Statistical analysis
The meta-analysis was conducted by using comprehensive meta-analysis (ver. 3.0; Biostat, Englewood, New Jersey, USA). The standardized mean differences (SMDs) derived from changing scores of post- and pre-treatment between active and sham tDCS groups were adopted as the measure of effect size. The correlation coefficient between pre- and post-treatment was inputted (r = 0.7) as a conservative estimate according to the recommendation by Rosenthal (1991). For the cross-over study, we extracted the data from the first period only (Elbourne et al., 2002). In addition, the heterogeneity in outcome was tested by the Q statistic and the I2 test. When P values in Cochrane’s Q test were less than 0.10 and I2 values were greater than 50%, it showed significant heterogeneity and a random effect model was adopted to adjust for variance (Higgins and Thompson, 2002; Higgins and Green, 2011). Otherwise, the fixed-effect model was used. In the subgroup analysis, the effects of different stimulation modes were investigated for the possible post-hoc subgroup effect. Studies were grouped into anodal, cathodal, and dual-hemispheric tDCS for further analyses. P < 0.05 was considered a statistical significance of each meta-analysis.
Results
Identification and selection of studies
After removing the duplicated studies, screening the titles, abstracts, and full-text reviewing the 143 studies identified through database searching, 14 studies were extracted for the final analysis. The PRISMA flowchart (Fig. 1) showed the searching and extracting process with results. Among the 14 studies included in the final analysis, 13 of them were randomized controlled trials. Five studies adopted cross-over design (Table 2) (van Asseldonk and Boonstra, 2016; Saeys et al., 2015; Klomjai et al., 2018; Manji et al., 2018; Utarapichat and Kitisomprayoonkul, 2018). However, two of the 14 studies (Danzl et al., 2013; van Asseldonk and Boonstra, 2016) did not reply upon the data request. The data reported by Danzl et al. (2013) were marked in figures only and had been extracted by a plot digitizer program (Plot Digitizer, 2015) in a meta-analysis (Li et al., 2018).
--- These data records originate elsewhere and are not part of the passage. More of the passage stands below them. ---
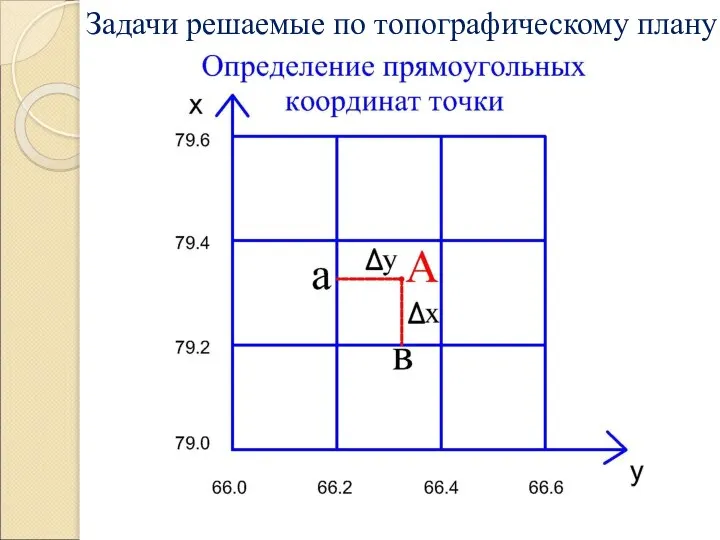 Задачи решаемые по топографическому плану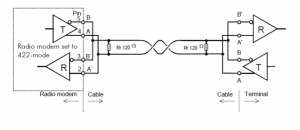 The wiring diagram of the external adaptation for RS-485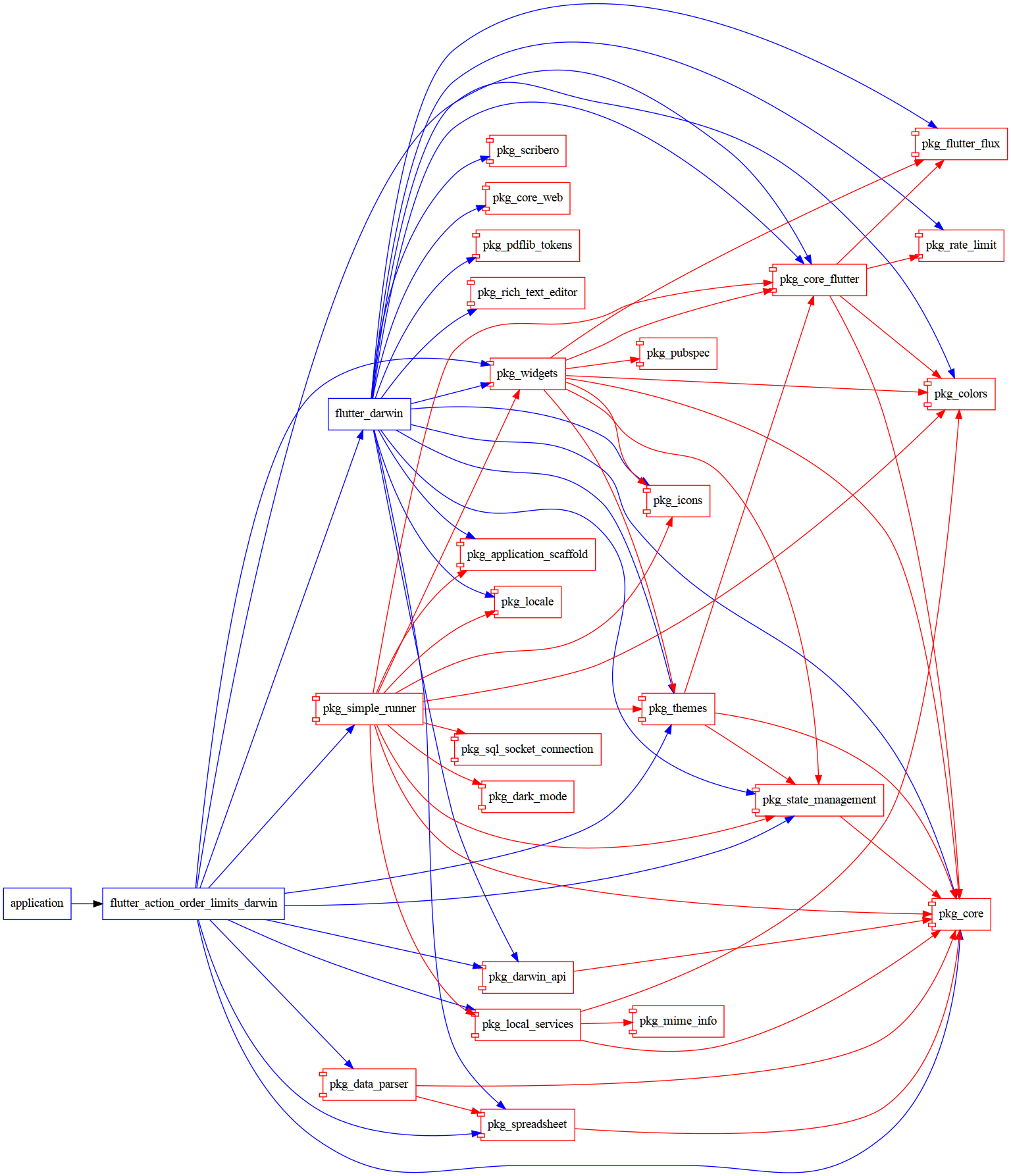 flutter_action_order_limits_darwin graph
However, with overlapped means and SDs on the figures, we were not confident to extract data directly from those figures without confirmations from authors (Danzl et al., 2013). Therefore, the results of those two studies were excluded from the meta-analysis.
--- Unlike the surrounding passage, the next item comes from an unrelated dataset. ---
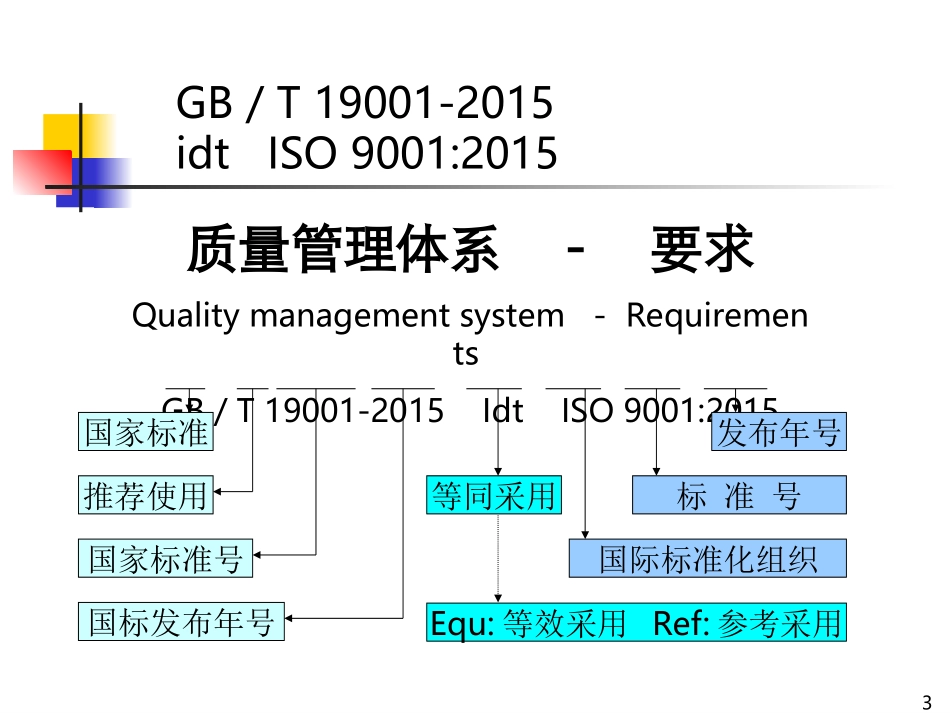 ISO9001：2015标准内容讲解_第3页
Quality assessment of the studies
The PEDro score of the included 14 studies ranged from 5 to 9 with a mean score of 6.8, which indicated a good methodological quality of the included studies (Foley et al., 2003). Besides, six of those studies were ranked as the highest level of evidence (class I) and all other studies were ranked as class II by the classification system of ESO (European Stroke Organisation (ESO) Executive Committee, ESO Writing Committee, 2008). The rating of PEDro scale and level of evidence for each study were presented in Table 1.
Table 1.
Study | 1 | 2 | 3 | 4 | 5 | 6 | 7 | 8 | 9 | 10 | 11 | Total | Quality | LoE |
---|---|---|---|---|---|---|---|---|---|---|---|---|---|---|
Geroin et al. (2011) | √ | √ | √ | √ | √ | √ | √ | 6 | Good | Class I | ||||
Danzl et al. (2013) | √ | √ | √ | √ | √ | √ | 5 | Fair | Class II | |||||
Cha et al. (2014) | √ | √ | √ | √ | √ | √ | 5 | Fair | Class II | |||||
Fusco et al. (2014) | √ | √ | √ | √ | √ | √ | √ | 6 | Good | Class II | ||||
Tahtis et al. (2014) | √ | √ | √ | √ | √ | √ | √ | √ | √ | 8 | Good | Class I | ||
Chang et al. (2015) | √ | √ | √ | √ | √ | √ | √ | √ | √ | √ | 9 | Excellent | Class I | |
Park et al. (2015) | √ | √ | √ | √ | √ | √ | 5 | Fair | Class II | |||||
Saeys et al. (2015) | √ | √ | √ | √ | √ | √ | √ | √ | √ | √ | 9 | Excellent | Class I | |
van Asseldonk and Boonstra (2016) | √ | √ | √ | √ | √ | √ | √ | 6 | Good | Class II | ||||
Leon et al. (2017) | √ | √ | √ | √ | √ | √ | √ | 6 | Good | Class II | ||||
Seo et al. (2017) | √ | √ | √ | √ | √ | √ | √ | √ | √ | √ | 9 | Excellent | Class I | |
Klomjai et al. (2018) | √ | √ | √ | √ | √ | √ | √ | √ | √ | 8 | Good | Class I | ||
Manji et al. (2018) | √ | √ | √ | √ | √ | √ | √ | √ | 7 | Good | Class II | |||
Utarapichat and Kitisomprayoonkul (2018) | √ | √ | √ | √ | √ | √ | √ | 6 | Good | Class II |
ESO, European Stroke Organization; LoE, level of evidence; PEDro scale, Physiotherapy Evidence Database scale.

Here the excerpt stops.